漢字で書けば、「領(うしは)く」となります。

神の力を表す「大人(うし)」と、身につける意味の「佩(は)く」が語源になっていると言われ、

「うしはく」は神々に対して用い、「しらす」は主に皇室に対して用いられる言葉です。

 

「うしはくのかみ」聞いたことあるな…と、国文畑出身・万葉集の時代専攻の私は思ったのですが、その場ではどうしても思いませず…。

後々調べてみたところ、万葉集に6例あるそうです。

特にそのうちのひとつが、

「住吉の 現人神(あらひとがみ) 船舳(ふなのへ)に うしはきたまひ」6-1020

と、船の舳先に人身で現れています。

これは前述した『外宮旧神楽歌』の

「舳先には大明神加布良古神)のり玉う。
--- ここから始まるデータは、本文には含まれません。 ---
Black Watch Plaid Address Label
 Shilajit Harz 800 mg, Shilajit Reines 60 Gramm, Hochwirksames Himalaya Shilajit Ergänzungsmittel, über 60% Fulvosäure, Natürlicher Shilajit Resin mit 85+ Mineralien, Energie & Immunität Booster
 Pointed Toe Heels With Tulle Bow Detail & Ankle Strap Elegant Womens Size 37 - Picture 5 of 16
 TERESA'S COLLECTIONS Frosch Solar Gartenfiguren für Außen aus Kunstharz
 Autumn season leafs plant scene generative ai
」

と見事に合致していますね。

 

またうしはくの神は海以外にも山にも登場しています。

 

日本書紀では天つ神が国つ神に対し

「おまえが領有する(=うしはける葦原中国は、私の御子の支配する国だ」

とも言っています。

 

(参考→うしはく (意味とはフレーズ表現辞典)

    國學院デジタルミュージアム)

 

つまりうしはくの神は、その領主である神で、

加布良古岬―しいてはこの志摩の国を治めていた神なのでしょう。

 

↑のご由緒に見られる「宇志波那流神」は、

「うしはなる神」=「うしは・なる神」=「うしはくである神」

ではないでしょうか?

(漢字の当て方は奈良時代以降のような美しさですね)

 

今でもこの岬を通る漁師さんたちは

かぶらこさんに手を合わせると聞いたことがありますが、それも頷けます。